One last tip to use a rope. Wind up the excess ends of the rope and tuck them away so that they WILL NOT come loose while riding. A dangling rope can end your ride in a heartbeat, just like a dangling bungee cord.
Ratchet straps come in a variety of sizes from small, to big heavy-duty straps that hold cargo on trucks. They do come small enough to use on a motorcycle especially if you have a large and heavy bag to tie down.
They are bigger and heavier than a strap with cam buckles and care should be given when taking them on and off your bike. Be careful where you place them so that you don’t scratch your bike, and when removing them, be careful so they don’t fall and bang against your bike and put a ding in your exhaust. Nobody likes it when that happens.

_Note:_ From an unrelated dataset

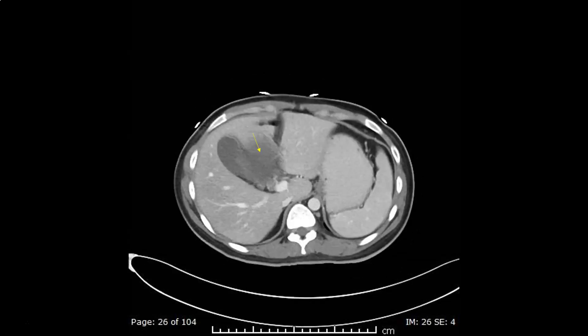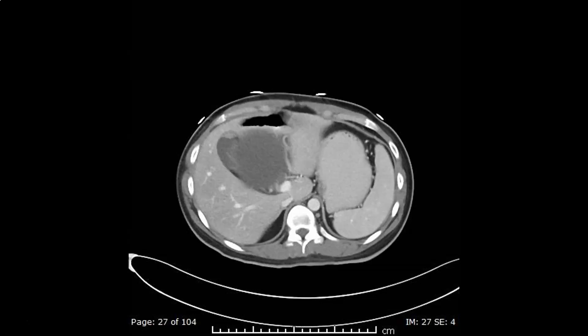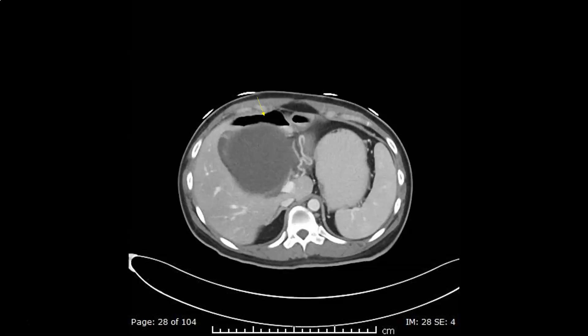The lesion starts immediately under the liver and gallbladder. Both organs are excluded as organs of origin. This places the stomach anteriorly.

Ratchet straps come with either a hook or a loop on either end. For tying down a bag, the loops on the ends of the strap would be most helpful rather than a hook. You can loop the end of the strap around a foot peg bracket and the other end around the frame or grab bar, depending on your bike, then attach the ratchet together on top of your bag.
In my opinion, the most ideal strap would come in two pieces. Each piece would have a loop on one end. Then, you’d connect the two together with a cam buckle. There is a similar strap on the market called the Rok Strap and people seem to really like them.
They use a clip in combination with a ladder lock buckle making the strap adjustable. They also include a small section of heavy-duty elastic material like a bungee to give the strap some flexibility.
So, as you can see there are a lot of alternatives to using bungee cords to tie down a duffel bag on your motorcycle. They are safe when used properly and they won’t spring back and take out your eye if they slip out of your hands. In any case, always secure your gear carefully and check it periodically during your ride.